[RECORDS FOR THE TASK]
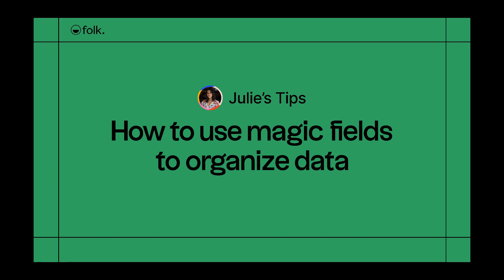Hi, welcome to Jolly's Tips, learn how to use Falk. In this video, I'll explain how to use magic fields to organize your data in Falk.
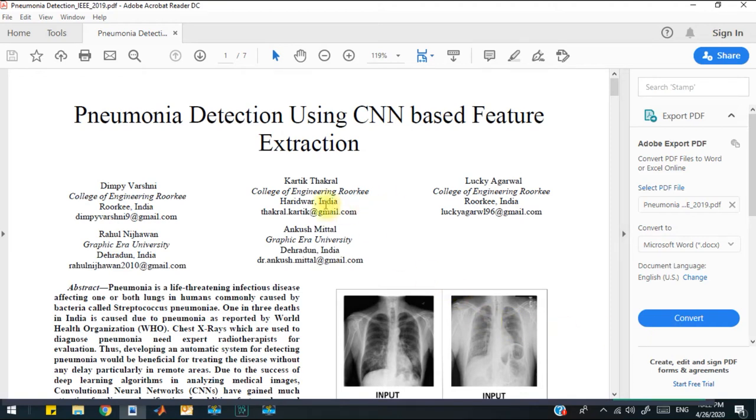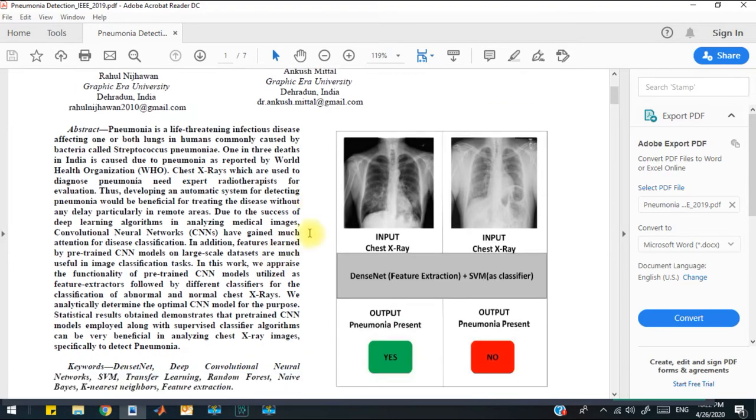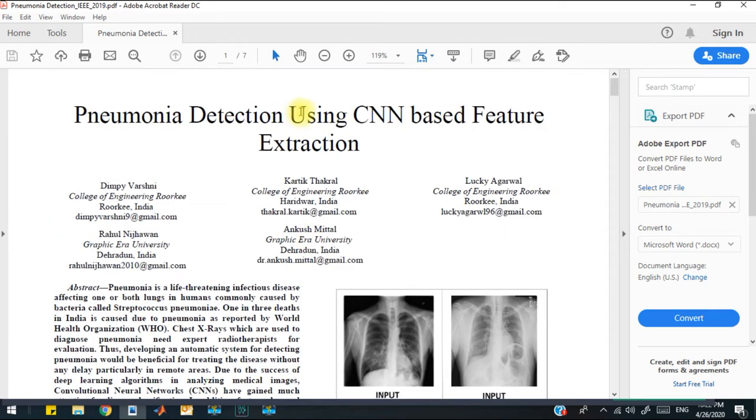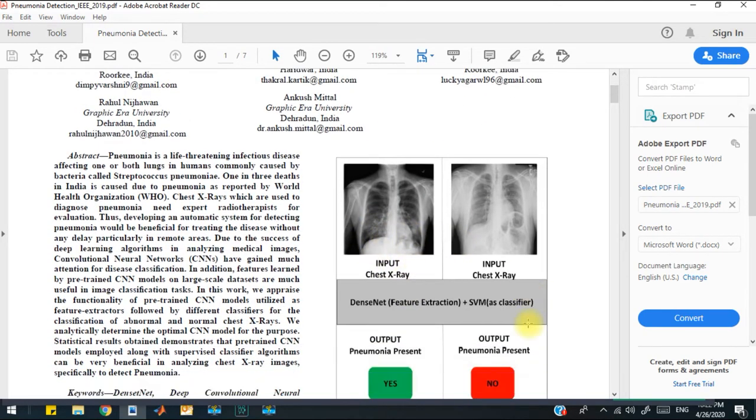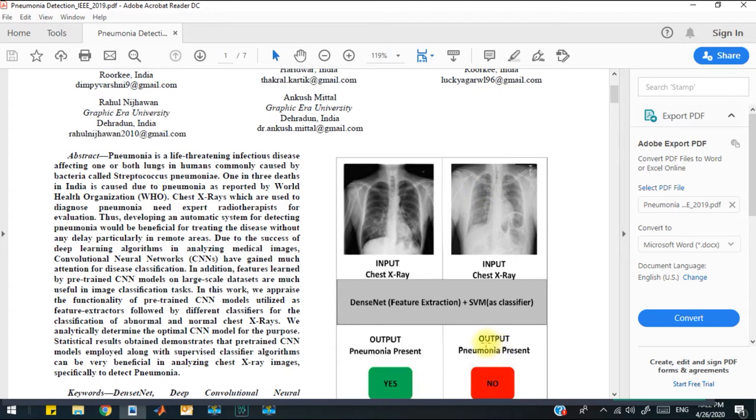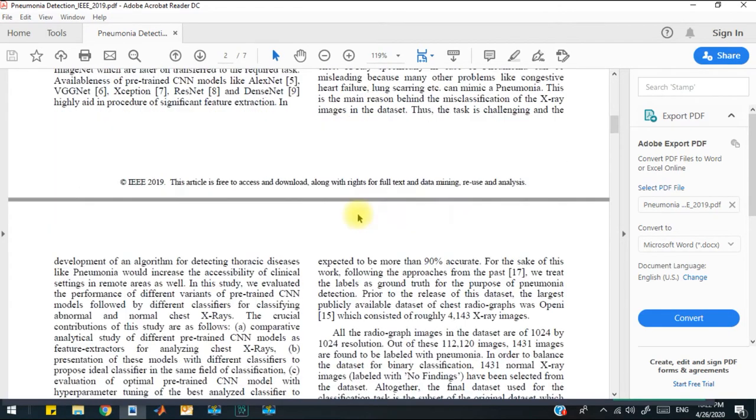Hello, my name is Fawad, and this video tutorial is about developing code for pneumonia detection using deep neural network models. Here we have a paper for pneumonia detection using convolutional neural network for the feature extraction process. There are two different types of images: one from the pneumonia patient and the other x-rays from the normal patient. We have to detect whether an x-ray contains pneumonia or not.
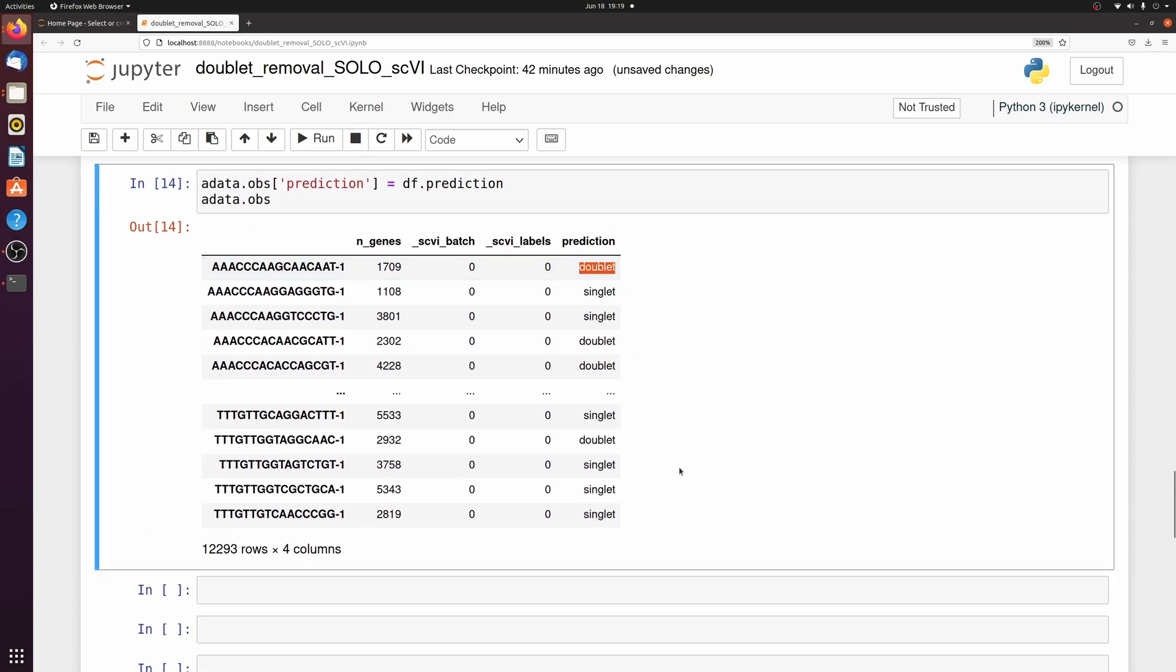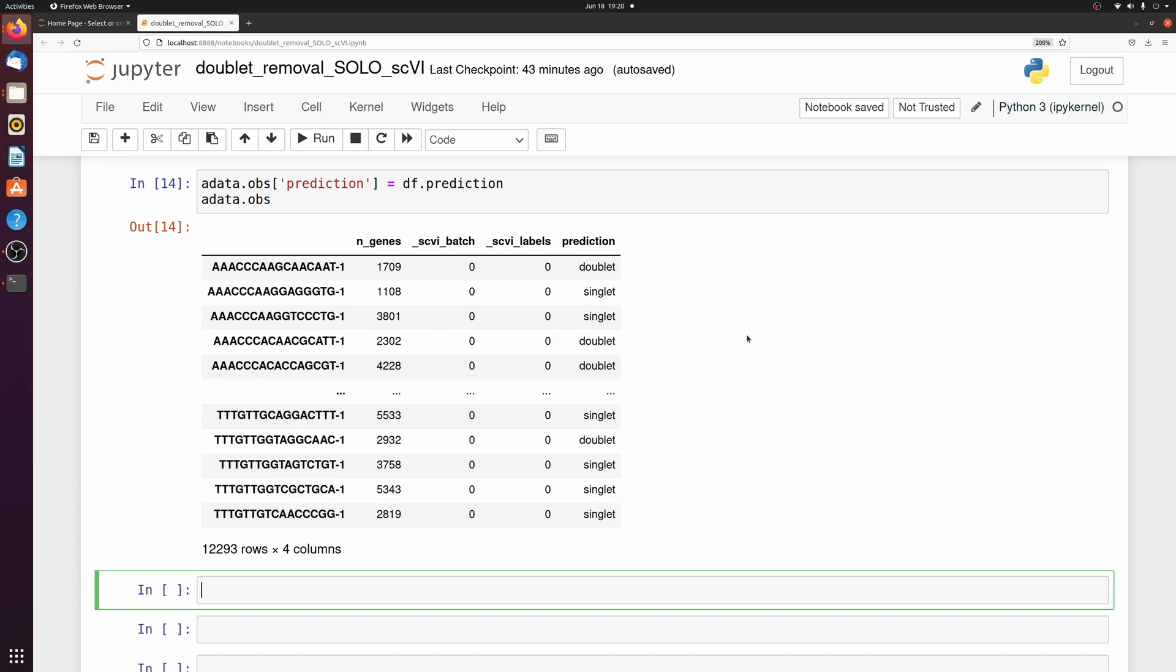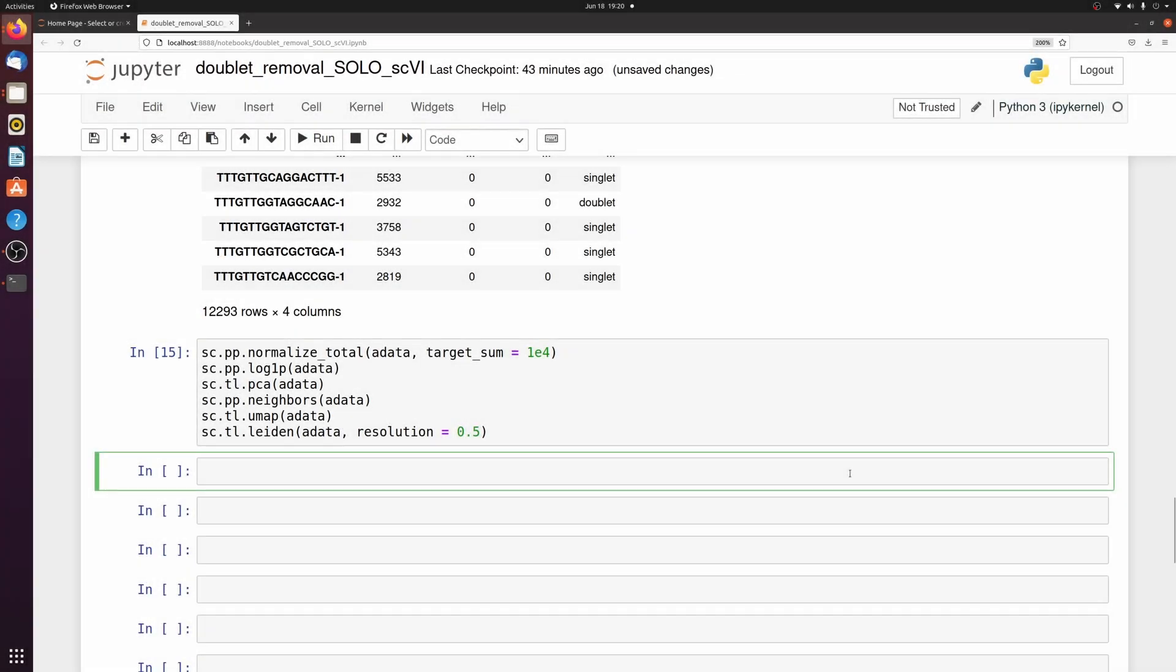So I'm just going to add that prediction onto the adata.obs. So I just added that. I'm just going to do typical scanpy clustering real fast and then let's visualize this on a UMAP.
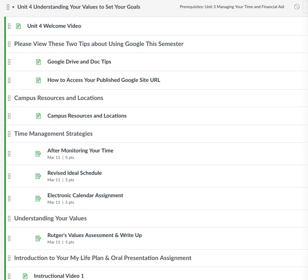For this week, we will be finishing up time management and also moving on to our values. I've also provided you some information on a future assignment which is due in two weeks. I want you to have enough time to do it — it's a presentation and I know you're going to do a fabulous job.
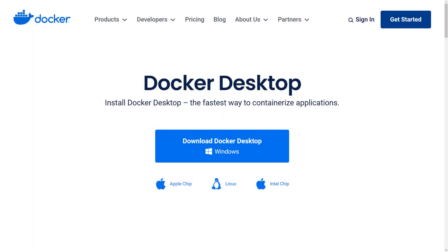Before we continue, if you haven't got Docker installed on your computer, you can use Docker Desktop for Windows and Mac. The installation is fast and straightforward. With Docker Desktop, you can manage your images and containers using a UI or CLI commands. For Linux, the installation steps can depend a bit on the distribution, but it's also very simple.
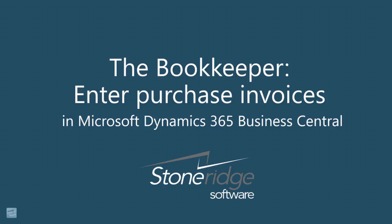The bookkeeper handles a lot of the day-to-day financials of your small business. A big part of that role is entering purchase invoices. I'm going to show you an easy, simple way you can enter purchase invoices from Business Central right from your Outlook.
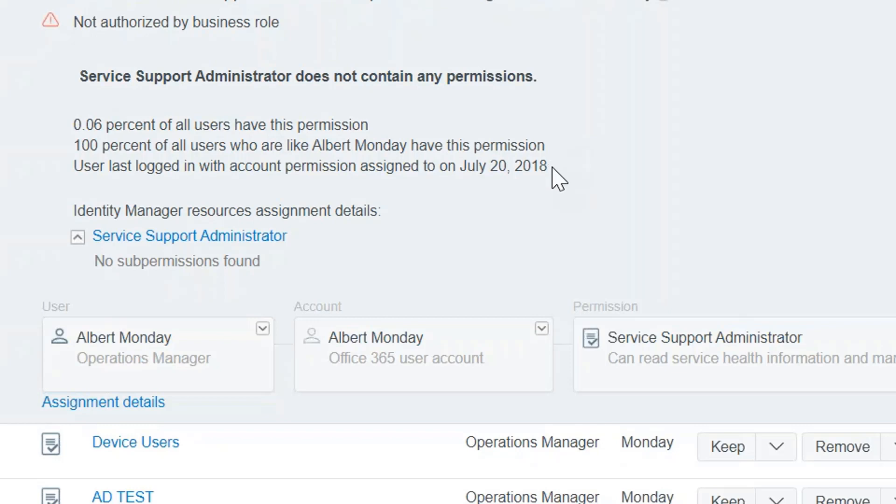And then the next one is very critical. This is showing you when the last time this user actually logged into the application. So now looking at this information, if I was Tom without this information, I'd probably say I don't want to disturb Tom's access. I'm just going to approve it. There's no reason to take it away. And most of my people have that access. But now I see that even though most people in my organization have it, this user last logged in on July 20th of 2018. So it's been a year and a half since he's even used this access. So that's a really good indication that maybe he really doesn't need it.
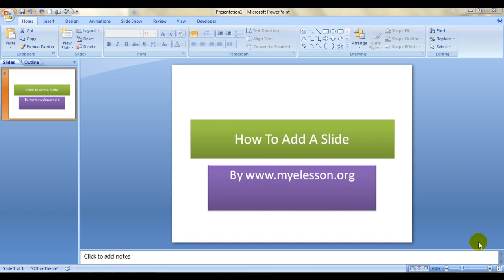Hello everybody and welcome to my e-lesson. I'm your guru and today I'll be telling you how to add a slide in a PowerPoint presentation of Microsoft 2007 and how to change the layout.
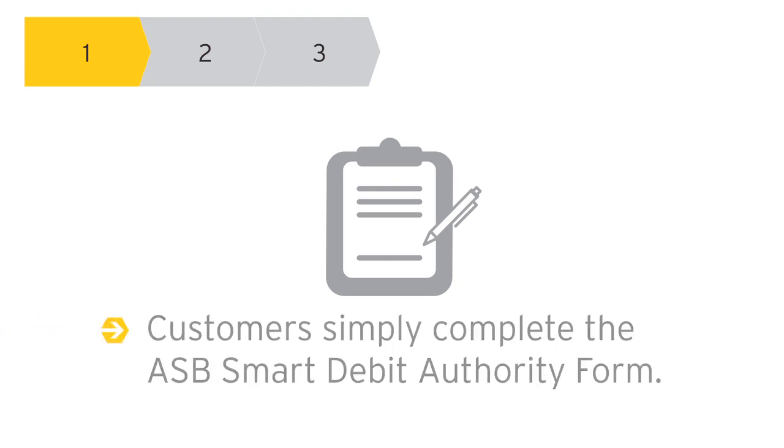Also, look to identify your existing customers making regular payments. All they need to do is take a moment to complete an ASB Smart Debit Authority form.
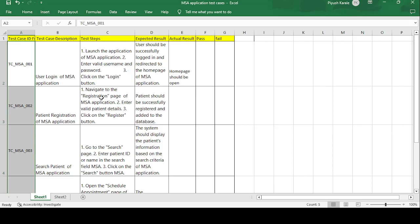The next test case is TC_MSA_002: 'Patient Registration of MSA Application.' The test steps are: navigate to the registration page of MSA, enter valid patient details, and click the Registration button. The expected result is that the patient should be successfully registered and added to the database. If saved to the database, the test case is passed; otherwise it is failed.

[WHAT THE EXERCISE ASKS] After locating the line containing "For this week, we" in the entries above, return it and every line after it exactly, ending at the line containing "Before we continue, if", without pictures.

[RESPONSE TO THE EXERCISE]
For this week, we will be finishing up time management and also moving on to our values. I've also provided you some information on a future assignment which is due in two weeks. I want you to have enough time to do it — it's a presentation and I know you're going to do a fabulous job.
Before we continue, if you haven't got Docker installed on your computer, you can use Docker Desktop for Windows and Mac. The installation is fast and straightforward. With Docker Desktop, you can manage your images and containers using a UI or CLI commands. For Linux, the installation steps can depend a bit on the distribution, but it's also very simple.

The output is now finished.